I realise that I have been pretty slack
with writing blog posts, but here is my excuse: I have been spending the past
two weeks undertaking a student placement at Military Hospital in Hanoi, and it
has been intense.
Hoan Kiem lake, central Hanoi. Sunrise.
The hospital:
Military Hospital, otherwise known as 108
Hospital, was built by the French colonial government in 1894, originally to
serve their military. Since then, it has (obviously) ceased to be French
controlled, but maintained it’s military function over the various
international and domestic conflicts experienced by Vietnam from the 1940s to
1970s. Now, it is a huge hospital of approximately 1500 beds (and rapidly
growing) that is open to the general public.
Military museum, not Military hospital (I don't have any photos of the hospital as yet).
Overall, my impression of the hospital has
been good. The hospital currently has 7 students from the University of Sydney
undergoing placements (1 x 1st year medical student, 5 x 2nd
year medical students including myself, and 1 graduate nurse). The hospital has
been extremely friendly and accommodating to us and we really could not have
asked for more. They have even gone to the effort of taking us on weekend
excursions, which is much more than any of us expected.
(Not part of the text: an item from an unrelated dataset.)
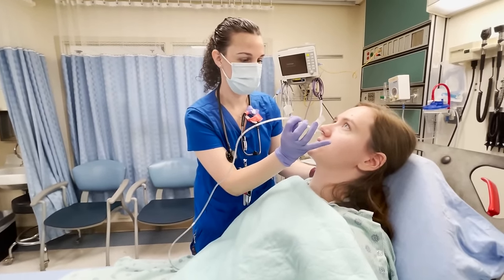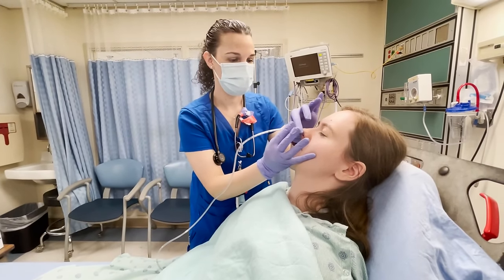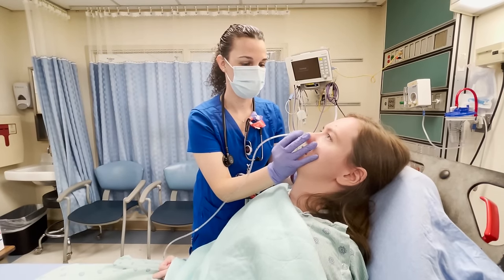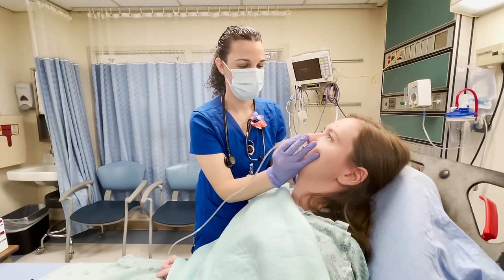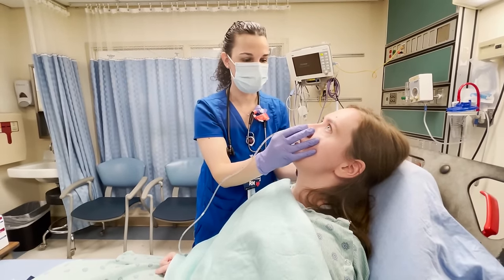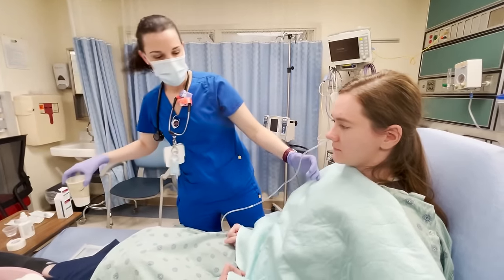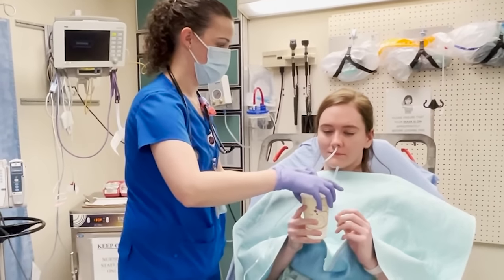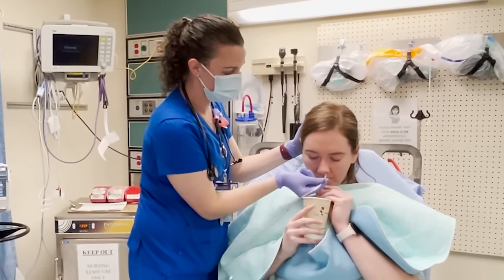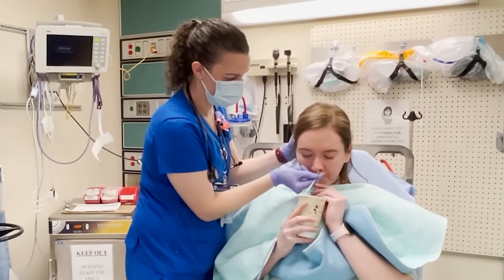One, two, three — okay. Open up. You can see the back of the throat. Lean your head forward, I'll give you the cup of water. Just start swallowing — swallow, swallow, swallow, swallow.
The hospital is quite modern and well
resourced. There is a large 9-storey building at the front of the hospital that
contains the critical care and surgical departments. I have spent quite a bit
of time in there up in theatres and they are clean and well equipped. They are
making some efforts to prevent nosocomial infections, however this is mostly
limited to during actual surgeries and doesn’t extend to simple things like
regular hand hygiene on the wards.
Again, not Military Hospital, but also a large multi-storey building.
To be honest, the biggest differences that
I’ve noticed between hospitals in Vietnam and hospitals in Australia is not a
resource difference but a cultural difference. This is particularly marked when
it comes to pain management and patient interaction. In Australia we are very
mindful of the patient and his/her overall wellbeing. Several things that are
taken as a given in the Australian healthcare system (pain relief, reassurance
of patients, asking for consent before certain things occur, and even having
examinations, especially the sort that you see in gynaecology, done in rooms
without a queue of on-looking patients) are just not common-place in Hanoi.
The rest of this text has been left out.